If a woman already has certain medical conditions, the incidence of BV can be even harder to manage and to cure.  Those conditions are:


·         Chronic yeast infection – This condition alters the balance of bacteria in the vagina setting up the ideal conditions for development of BV. Prescription treatments for yeast infection are designed to wipe out harmful bacteria but plenty of good bacteria is also lost during this treatment.


·         Low estrogen levels   - When the estrogen levels are below normal, the lining of the vagina becomes thinner and more prone to infection


·         High estrogen levels - Taking birth control pills is the usual reason that estrogen levels are above normal in women who are otherwise healthy.  Of course, the other reason for high estrogen is when a woman is pregnant.  Higher levels of estrogen seem to be associated with greater risk for infection.


·         Pregnancy – When the hormones bounce around in pregnancy and estrogen goes into over-drive, the conditions are ripe for BV. As already mentioned, the treatment options need to be carefully considered to avoid any harm to the unborn baby.


·         Allergic reactions - Women who are allergic to certain oral or vaginal antibiotics have limited options for treating BV. These women may not be able to tolerate the most powerful prescription drugs and must turn to alternative medicine or natural treatment options.


·         Lupus, HIV or other autoimmune disease – The nature of an autoimmune disease is that the body’s disease fighting power is greatly diminished.  Under those conditions, BV is just one of many vaginal infections that can easily multiply and become a chronic condition.


How Physicians View BV


Bacterial Vaginosis is often mis-diagnosed as yeast infection because the symptoms are similar. Since Gynecologists see so many yeast infection problems, it’s easy for them to accept this as the problem and not even order a BV test.


Some doctors are also quick to blame too much sex or unprotected sex as the cause of the infection and advise women to deal with those issues so the problem goes away. Of course, BV doesn’t go away that easily.


Women who are not sexually active have been extremely embarrassed when a physician confronts them about sex practices as the cause of the infection.


Feeling as if they are being accused of stepping outside their personal moral boundaries, they don’t go back to the doctor for help when the infection reoccurs because they don’t want to hear this again.


Male physicians can be the least sensitive about the discomfort of BV. They either don’t see this as a serious problem or believe that the women have the responsibility to make lifestyle changes in order to control the infection.


The other problem is that physicians can have favored drugs that they prescribed for any vaginal infection. While these antibiotics may be fine for some uses, the drugs can be excessive for BV.


When the drug choices are not well targeted, the overload of drugs causes major damage to the good bacteria that is needed to balance the vaginal environment.
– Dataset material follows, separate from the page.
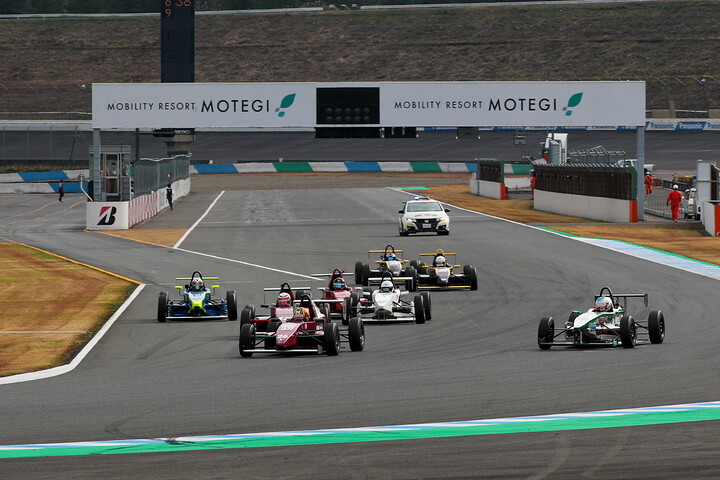 決勝レースがスタートした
Are physicians being ambivalent about treating BV? Yes and no. Yes, physicians are relying on the old standard approach to use heavy-duty antibiotics to knock out the infection. 


No, they are not uncaring. However, some are less informed about the fine line differences between Bacterial Vaginosis and the typical yeast infection.


Pharmaceutical companies applaud the massive antibiotic approach because it sells more drugs. When the drugs become overkill and set up the conditions for a reoccurrence of BV, then more prescription drugs are sold.


It seems as if the drug companies profit more the longer the treatment drags on. That is expensive for the woman who is ready to try anything just to get relief.